Table 2.1 rubric for grading#

Task

Skills (max level)

identify possible uses for data in a data science pipeline

[process (1)]

load data from one file format

[ access (1)]

load data from at least two of (.csv, .tsv, .dat, database, .json)

[access (2)]

compare the data formats

[ access (2)]

complete the assignment in python

python (1)]

use python data types (eg dictionaries) to prepare information about datasets

[python (2)]

use informative variable names, pythonic iteration, and other common PEP 8 conventions

[python (2)]

display DataFrame properties

[summarize (1)]

First, accept the assignment . It contains a notebook with some template structure (and will set you up for grading).

2.2. Find Datasets#

Find 3 datasets of interest to you that are provided in at least two different file formats. Choose datasets that are not too big, so that they do not take more than a few second to load. At least one dataset, must have non numerical (eg string or boolean) data in at least 1 column.
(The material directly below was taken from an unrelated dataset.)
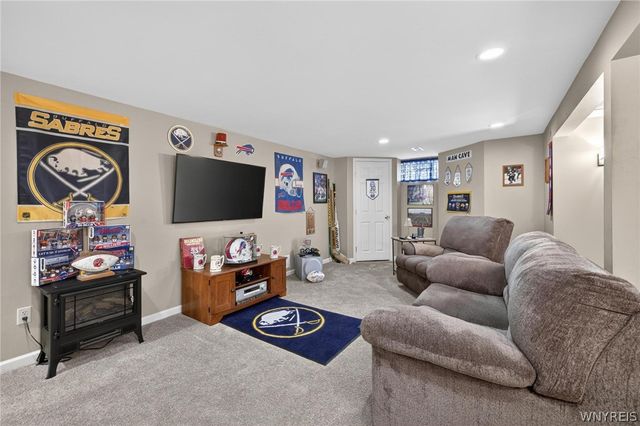 51 Via Donato East, Lancaster, NY 14043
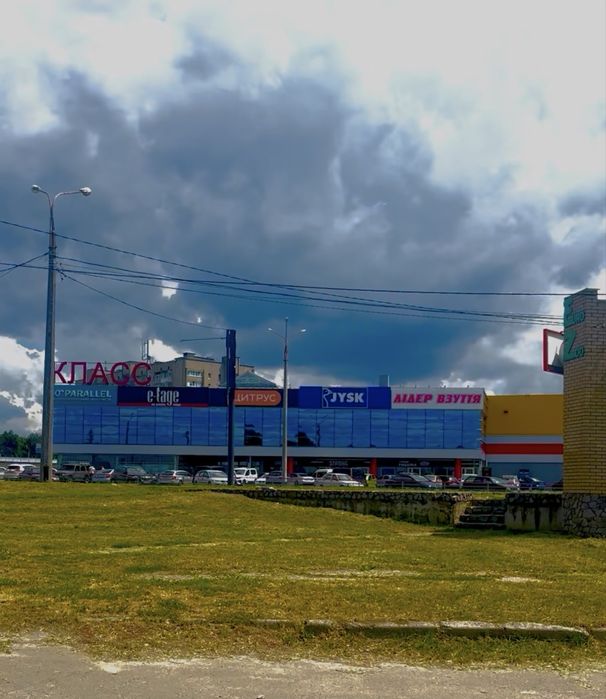 Продам 1/2 дома р-он Новые дома 1 мин Коммунальный рынок , газ, вода, центральная канализация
In your notebook, create a markdown cell for each notebook that includes:

  • heading of the dataset’s name

  • a link to where someone can learn about the dataset

  • a 1-2 sentence summary of what the dataset contains and why it was collected

  • 1-2 questions you would like to answer with that dataset.

2.3. Store them for loading#

Create a list of dictionaries in datasets.py, so that there is one dictionary for each dataset with the url, a name, and what function should be used to load the data into a pandas.DataFrame.

Hint

The goal here is to set up this list of dictionaries so that you can load data using different functions in each pass through the loop, without an if statement. You’ll be iterating over the list of dictionaries, so the loop variable be a different dictionary each time.

see the where we used a lambda in a dictionary in the class notes for more information.

2.4. Make a dataset about your datasets#

Import the list from the datasets module you created in the step above. Then iterate over the list of dictionaries, and:

  1. save it to a local csv using the short name you provided for the dataset as the file name, without writing the index column to the file.

  2. record attributes about the dataset as in the table below in a list of lists:

  3. Use that to create a DataFrame with the following columns:

Table 2.2 Meta Data Description of the DataFrame to build#

name

a short name for the dataset

source

a url to where you found the data

num_rows

number of rows in the dataset

num_columns

number of columns in the dataset

num_numerical

number of numerical variables in the dataset

2.5. Manipulate your datasets#

For one dataset that includes nonnumerical data:

  • display the heading and the last 4 rows

  • make and display a new data frame with only the numerical columns (select these programmatically)

For any other dataset:

  • display the heading and the first three rows

  • display the datatype for each column

  • Are there any variables where pandas may have read in the data as a datatype that’s not what you expect (eg a numerical column mistaken for strings)? If so, investigate and try to figure out why.

For the third dataset:

  • display the first 3 odd rows (eg 1,3,5) of the data for two columns of your choice

2.6. Exploring data files#

For each dataset, in a separate section of your notebook titled When things go wrong:

  • try reading in data with the wrong read_ function and make notes about what happens.

  • was the format that the data was provided in a good format? why or why not?

  • try to read in the .csv file that’s included in the template repository (), use the error messages you get to try to fix the file manualy (any text editor, including jupyter can edit a .csv), making notes about what changes you made in a markdown cell.

Think Ahead

  1. When might you prefer one datatype over another?

  2. How does PEP 8 standard code help you be collaborative?

  3. Learn about Datasheets for Datasets eg this google scholar result How could something like this impact your work as a data scientist?